Economic sector (NOGA) of reemployed workers. N = 549

The proportion of workers reemployed in the manufacturing sector in our study exactly corresponds to a recent study on displaced manufacturing workers in Finland (Jolkkonen et al. 2012: 88). But while our result has been produced in a context of economic crisis with stagnation of the Swiss manufacturing sector, the Finnish study was conducted in a context of economic growth.

Although not all workers managed to return to the manufacturing sector, 70 % reemployment in the secondary sector seems to be a high proportion – especially if we consider that manufacturing accounts for less than a quarter of employment in Switzerland. This result thus indicates that job loss in the Swiss manufacturing sector does not necessarily force workers into low-qualified service jobs – so-called McJobs – but that they have robust prospects of returning to jobs in their pre-displacement sector.

6.3 Determinants of Sectoral Change

Do workers reemployed in manufacturing differ from those reemployed in services with respect to socio-demographic characteristics? We address this question by estimating a binomial probit model for being reemployed in services as compared to manufacturing using sex, education, tenure, occupation, duration of unemployment, age and plant as covariates.

Since not all displaced workers found a job, the reemployed workers are a selective group and the analysis of their reemployment sector may be biased. We test for this possibility by using Heckman selection correction analysis presented in Table A.2 in the Annex.2 The analysis suggests that selection into employment is not a major problem for our analysis of the reemployment sector (i.e. we obtain similar findings without the selection correction).

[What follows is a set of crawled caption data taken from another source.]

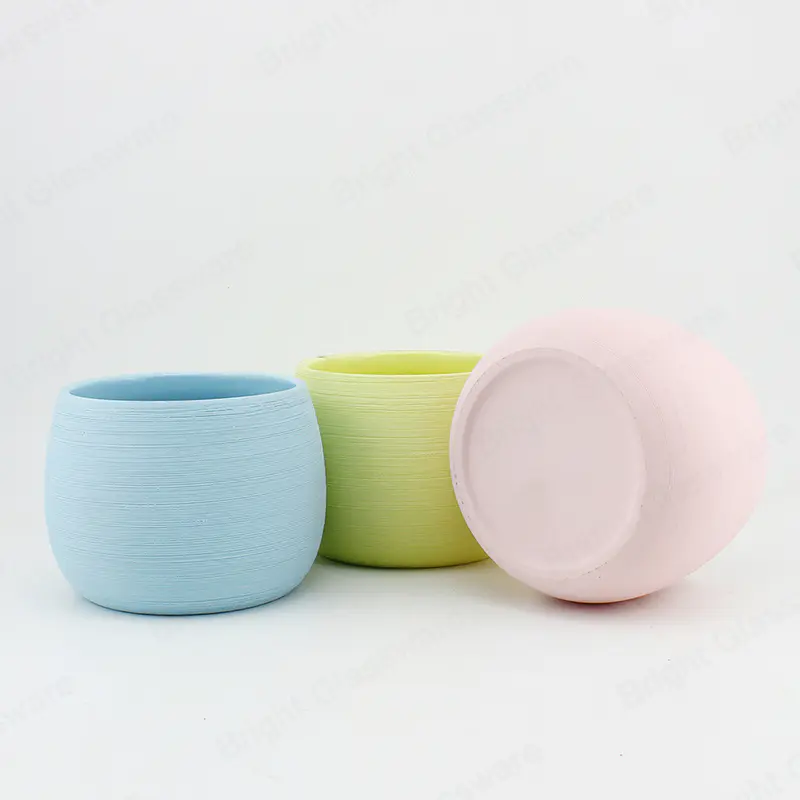 批发五颜六色的陶瓷蜡烛碗罐，用于制作蜡烛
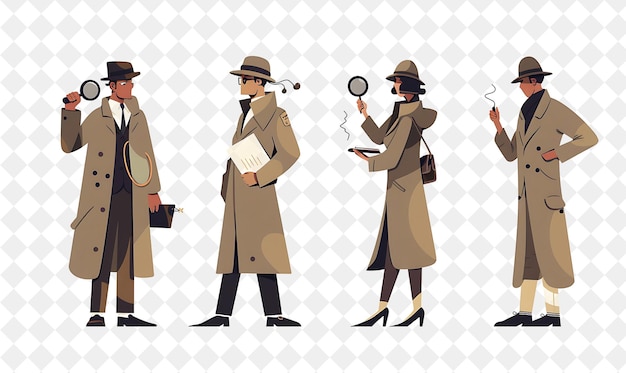 PSD retro detective with characters investigating clues and inte png people in daily work illustration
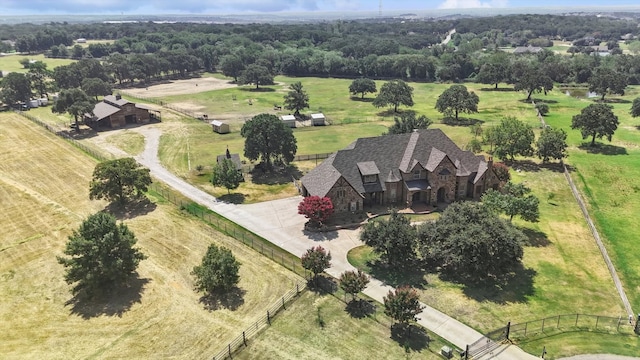 bird's eye view with a rural view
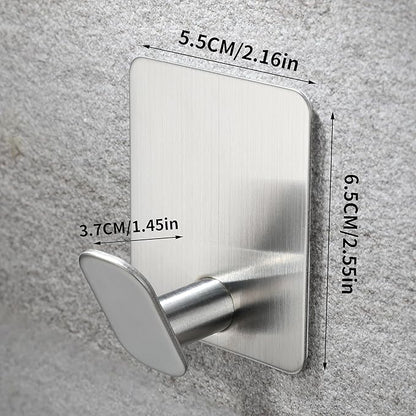 YIGII Adhesive Towel Hooks, 4 Pack Coat Hooks Stainless Steel Stick on Wall Hook for Bathroom/Kitchen, Waterproof Towel Hanger for Robe, Hats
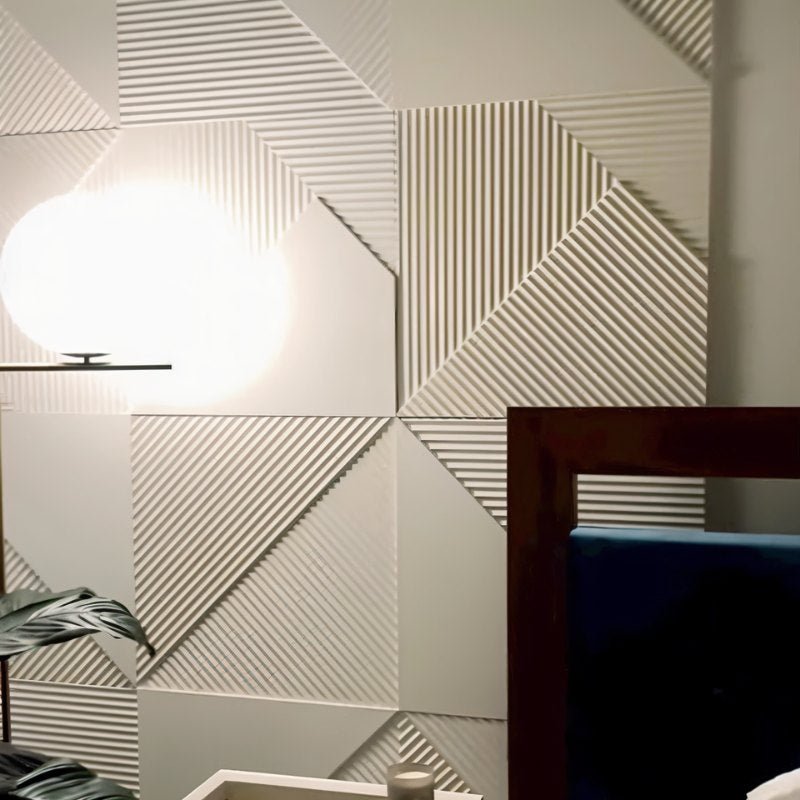 Pesni Wall Panel installed in modern interior with geometric PVC design, ideal for decorative wall upgrades and on sale now.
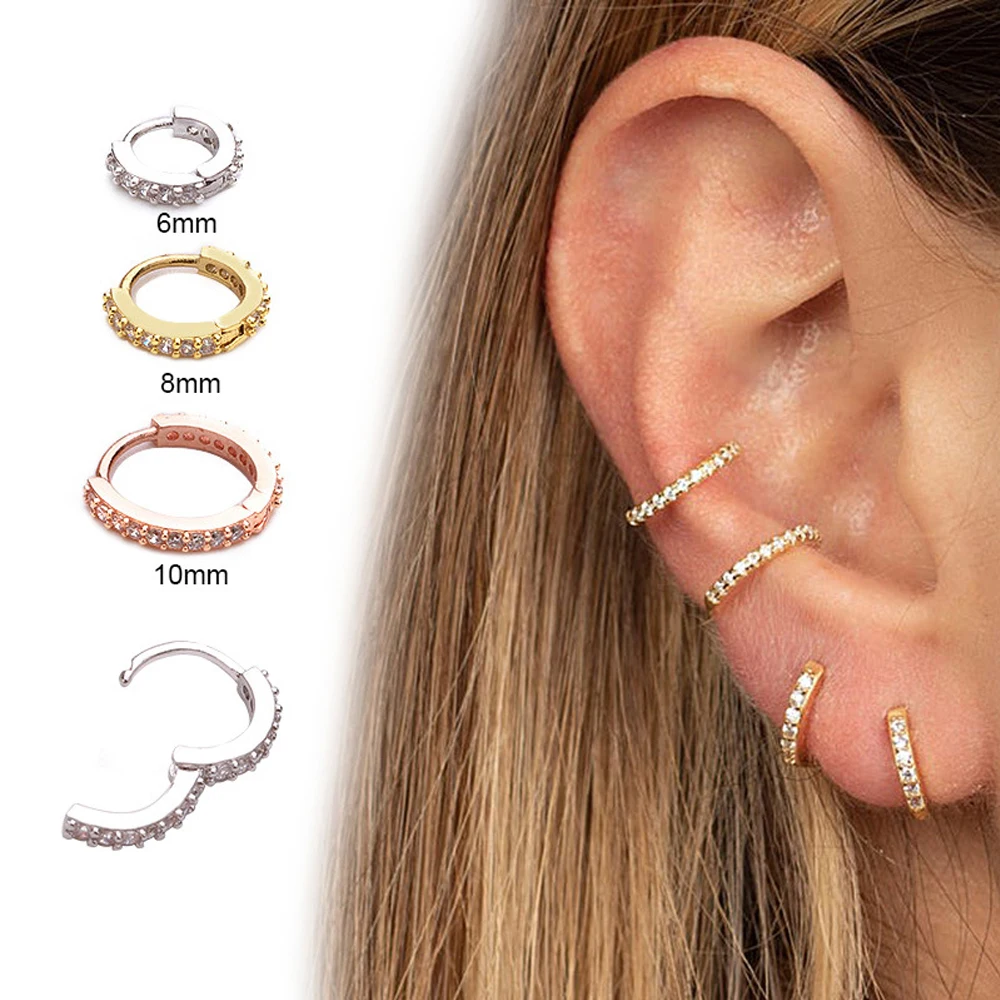 

Mujer New Arrival 1Pc 6mm/8mm/10mm Cz Huggie Hoop Cartilage Earring Helix Tragus Daith Conch Rook Snug Ear Piercing Jewelry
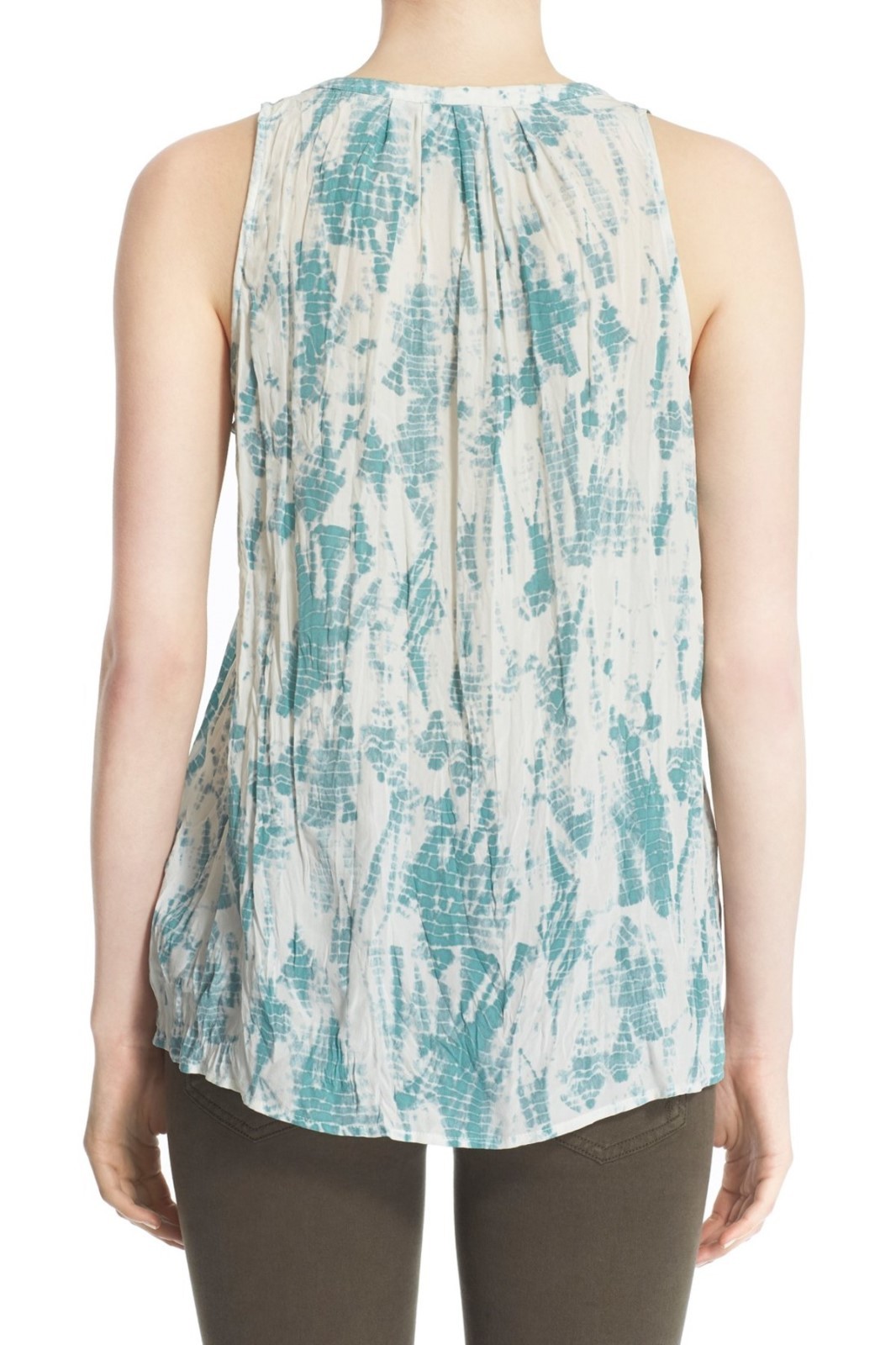JOIE Aruna Tie-Dye 100% Silk Top Blouse NWT Blue Haze/ White Moss Teal Sz S $188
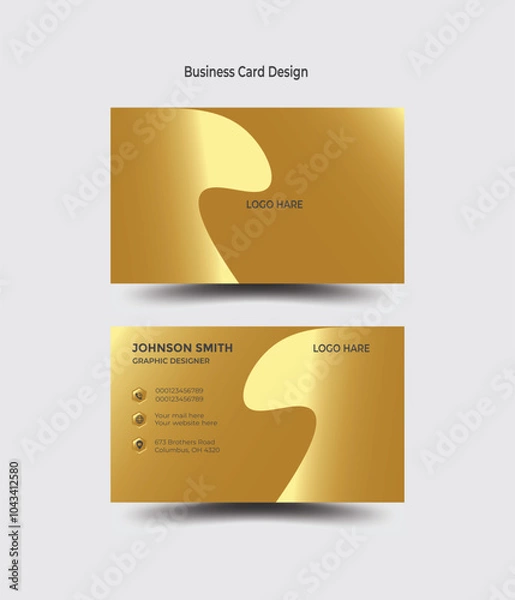 Obraz business card design with gold style minimalist print template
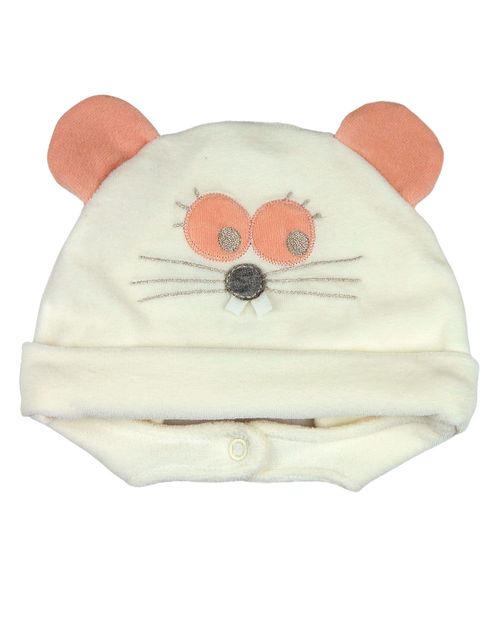 Touca de Bebe Plush com Botão Bordado de Ratinho - Natural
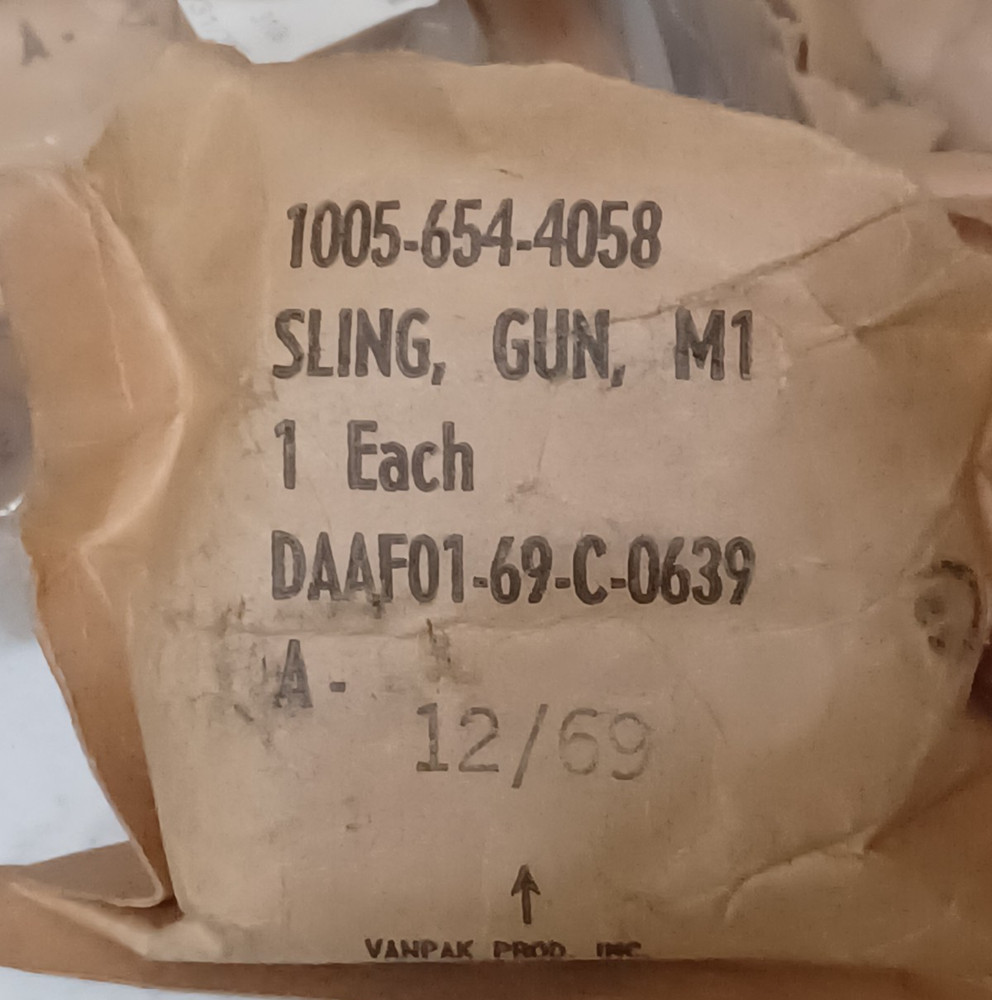 USGI VN Era Garand Sling Seat Belt Weave New Open Pack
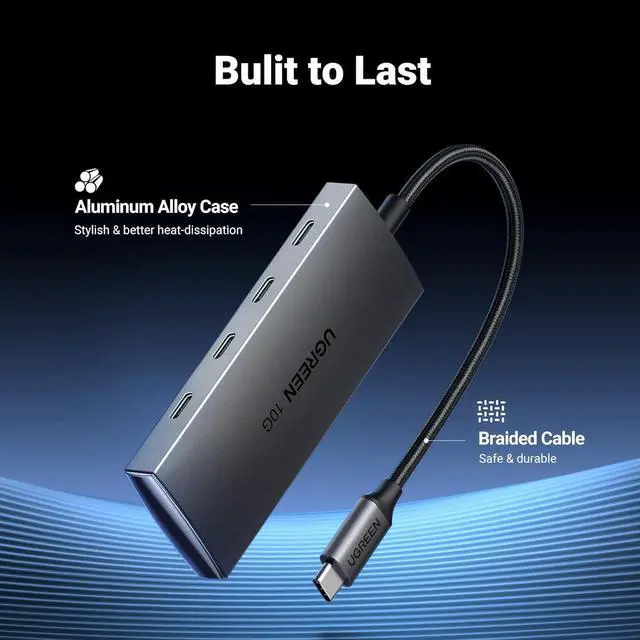 Alt view image 6 of 7 - UGREEN USB C Hub 10Gbps, 4 Ports USB 3.2 Adapter with 4 USB-C 3.2 Ports, High Speed USB-C Multiport Splitter for MacBook Pro, iMac, iPad Pro, Chromebook, Galaxy S23, and More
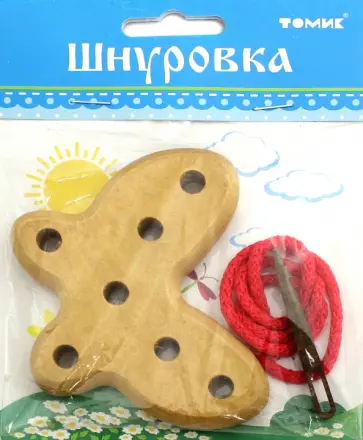 Шнуровка деревянная "Бабочка" (611-6) обложка книги
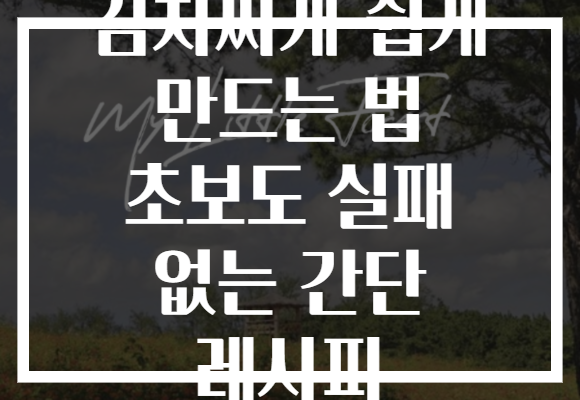 김치찌개 쉽게 만드는 법 초보도 실패 없는 간단 레시피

For this reason we present in Fig. 6.2 below a model without selection correction and indicate the average marginal effects. We find that men are 11 percentage points less likely to be reemployed in the service sector than women. This supports findings from the previous literature that suggest that women possess more skills that are transferable to the service sector or have a preference for jobs that offer flexible working hours. We do not find a significantly higher probability of being reemployed in the service sector for workers with higher levels of education. This result contradicts the view that more highly educated workers are more likely to change sector because credentials help employers in other sectors to evaluate the candidates’ skills. But then it is possible that the information we have about the workers’ education does not provide us with a complete picture of the workers’ credentials. Our hypothesis H4, which predicts that workers with vocational training (measured here by means of the category of upper secondary education) are more likely to remain in their pre-displacement sector than workers with tertiary or less than upper secondary education, does not seem to be confirmed.
Fig. 6.2

Average Marginal Effects (AME) of a probit regression for being reemployed in the service sector as compared with the manufacturing sector. N = 452. Note: Significance levels: * p < 0.1, ** p < 0.05, *** p < 0.01. Standard errors are clustered at the plant level. Reading example: As compared to women, men are 11 percentage points less likely to switch from the manufacturing to the service sector

With respect to tenure we find that workers with an intermediate tenure of 6–10 years are 6 percentage points more likely than short-tenured workers to be reemployed in the services. This worker subgroup is possibly more likely to be in higher hierarchical positions and thus can more easily switch to the service sector. Workers with very high tenures of over 20 years, by contrast, are 7 percentage points less likely to change sector if they are reemployed. Our hypothesis which stated that the longer the workers’ tenure, the lower their probability of changing sector thus receives ambiguous support. Regarding workers’ occupation we find no difference between white- and blue-collar workers. This contradicts the view that white-collar workers, who usually have more general skills, have better reemployment prospects in the service sector (White 2010: 1865; Iversen and Cusack 2000: 326). For unemployment duration we find that workers who search for a job for more than 12 months are 10 percentage points more likely to accept a service job as compared to workers who found their new job within 2 months. This result corresponds to our expectation formulated in hypothesis H5 that long-term unemployed workers are pushed out of the manufacturing sector, perhaps into low-end service jobs.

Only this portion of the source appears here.